Friday, September 23, 2011
I used more of the flour I already paid for as part of the dinner expense. So that's, like, free.
Specifically for this recipe, I bought 5 Granny Smith apples for $4.28 and butter for $2.69, so just under $7 for a dessert that ought to feed eight people. Or four people who each have two servings. Or two people for breakfast, lunch, dinner, and midnight snack. Whatever works for you.
Everything else I used in the recipe I'd consider pantry items: salt, cornstarch, sugar, and vanilla. Okay, vanilla can be a little expensive, but you could eliminate it from this recipe without dire consequences. The other ingredients are fairly inexpensive as well. Okay, a whole big bag of sugar is a couple bucks, but we didn't use much of it at all. And that butter didn't all get used up in this recipe, either, so there's plenty left for another recipe. Or toast. The leftover butter probably makes up for the cost of the vanilla, so I'm putting the total cost on this at around $7.
And look, there's still plenty of flour left.
The very first pie I ever made was an apple crumb pie. I was probably still in grade school, and for some reason, I was led to believe that the top crust on a pie was difficult. So when I found a recipe for a pie with a crumb topping, I latched onto it like a dog with a bone. I made so many pies with crumb toppings that I could make the crumb part without measuring.
Eventually, I realized that double-crusted pies weren't that scary. But in the meantime, I developed a fondness for crumb toppings.
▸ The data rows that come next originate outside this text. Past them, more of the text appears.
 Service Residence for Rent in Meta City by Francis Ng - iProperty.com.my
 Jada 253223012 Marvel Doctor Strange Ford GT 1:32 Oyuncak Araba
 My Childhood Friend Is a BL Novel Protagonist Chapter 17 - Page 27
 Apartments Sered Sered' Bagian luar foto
Even though I like flaky pastry, there's something about having two different crusts in one pie that I find appealing.
This tart is an homage to those first pies I made. But of course, I've changed everything. Because that's how I roll.
Apple Crumb Tart
1 cup all purpose flour
2 tablespoons sugar
1/2 teaspoons salt
1 stick cold unsalted butter, cut in pieces
1 tablespoon vanilla combined with 1 tablespoon water, chilled
1 tablespoon additional cold water
1 tablespoon butter
5 granny smith apples
1/4 teaspoon salt
1 tablespoon sugar
1 tablespoon vanilla
1 teaspoon corn starch
1/4 cup sugar
1/2 cup all purpose flour
1/4 teaspoon salt
4 tablespoons unsalted butter
Combine the flour, sugar, and salt in the bowl of your food processor and pulse a few times. Add the butter and pulse again to break up the pieces until the largest bits are no larger than a lima bean.
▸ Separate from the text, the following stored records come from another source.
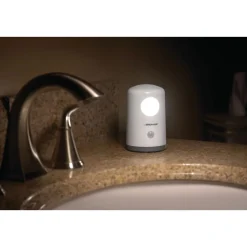 Mr. Beams Nachtlicht MB750 kabellos weiß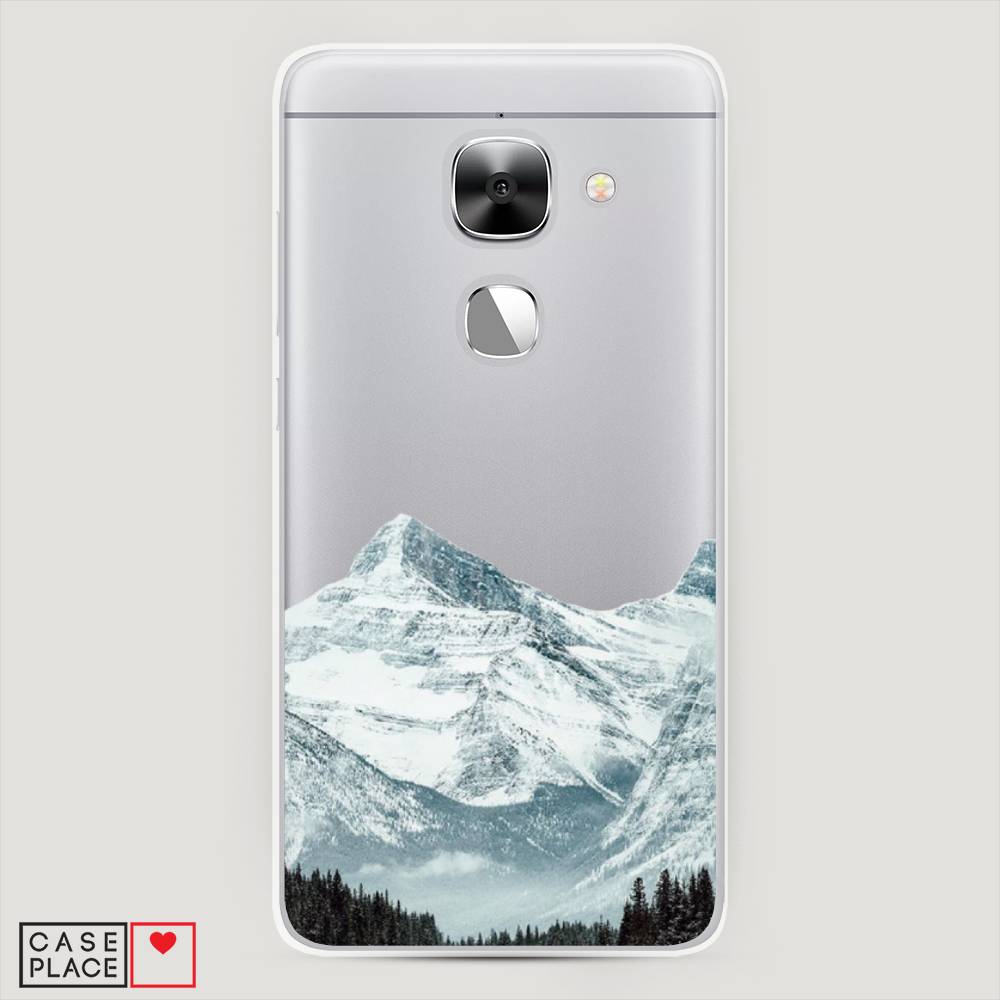 Чехол на LeEco Le Max 2 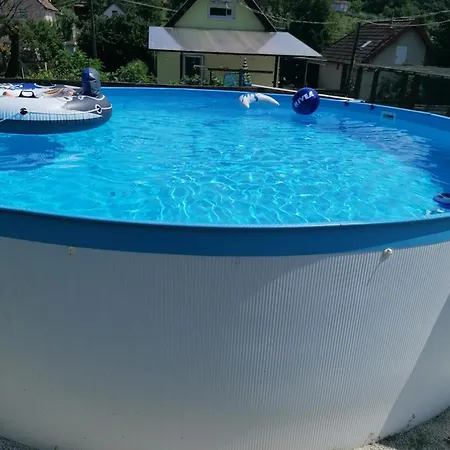 بيت للعطل Enjoy The Silence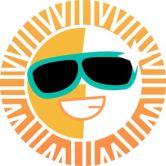 SunSwap logo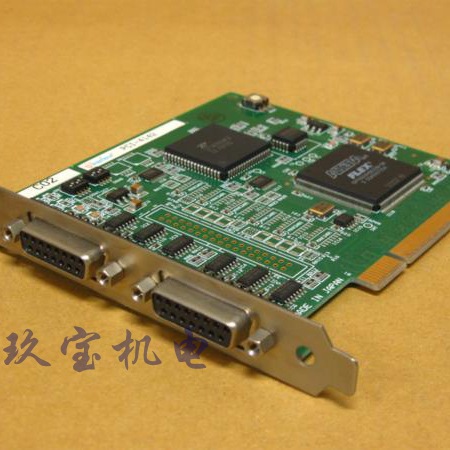 PCI-285011日本interface主板PCI-3133，PCI-7211CA，PCI-2130C
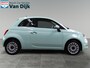 Fiat 500 1.2 Lounge Carplay / Cruise / Sportvelgen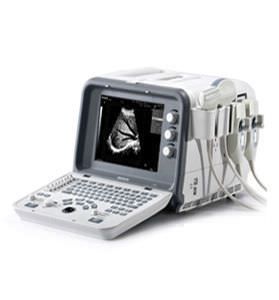 Portable ultrasound system / for multipurpose ultrasound imaging D6 EDAN INSTRUMENTS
With the processor running, add the water/vanilla mixture as fast as the flour will absorb it, then add as much extra water as needed so the dough begins to gather together. You don't need it to form a ball - just so that it can come together.
Remove the dough from the food processor, form it into a disk, wrap in plastic wrap, and refrigerate for at least 2 hours or up to 2 days.
Meanwhile, heat the butter in a frying pan on low heat. Peel and core the apples, and slice them thinly. I find that it's easiest to work on one apple at a time. Cut in half, remove core with a melon baller, then cut the half in half, then peel and slice it directly into the frying pan. After each addition of apple, give the pan a shake (or stir) to move the new additions to the bottom of the pan.
Add the salt and sugar and cook for a short time, just until the apples become a little bit pliant. Combine the vanilla and cornstarch and add it to the pan. Stir to coat all the apples, then turn off the heat. Transfer the apples to a storage container and let cool, then refrigerate until needed.
To assemble and bake the pie:
Preheat the oven to 425 degrees. Have a 9-inch tart pan ready
Flour your work surface and roll the pie dough to slightly larger than the tart pan. Transfer the dough to the pan, and press it into the sides of the pan. Trim the top evenly. You can use the left over bits to shore up any thin spots on the sides, if needed.
Dump the apples into the prepared crust and spread them evenly. You don't have to arrange them in a pretty pattern, since the crumb crust will cover them.
If the crumb crust has big clumps, break them up. It's fine if there are some pea-sized pieces, but you don't want boulders on top of the pie. Spread the crumbs evenly over the apples, all the way to the edges of the pie.
Bake the pie at 425 degrees until the crumb topping is lightly browned, about 45 minutes. Remove the tart from the oven and place it on a rack to cool completely before removing the tart from the pan.
Whole Foods Friday is what I'm calling my new partnership with the local Whole Foods stores in Boulder County. Whole Foods lets me shop for what I need for any recipe I want to make, and I post the results here. Whole Foods also posts my recipes on their Boulder blog, and at Cooking Boulder. It's a fun project.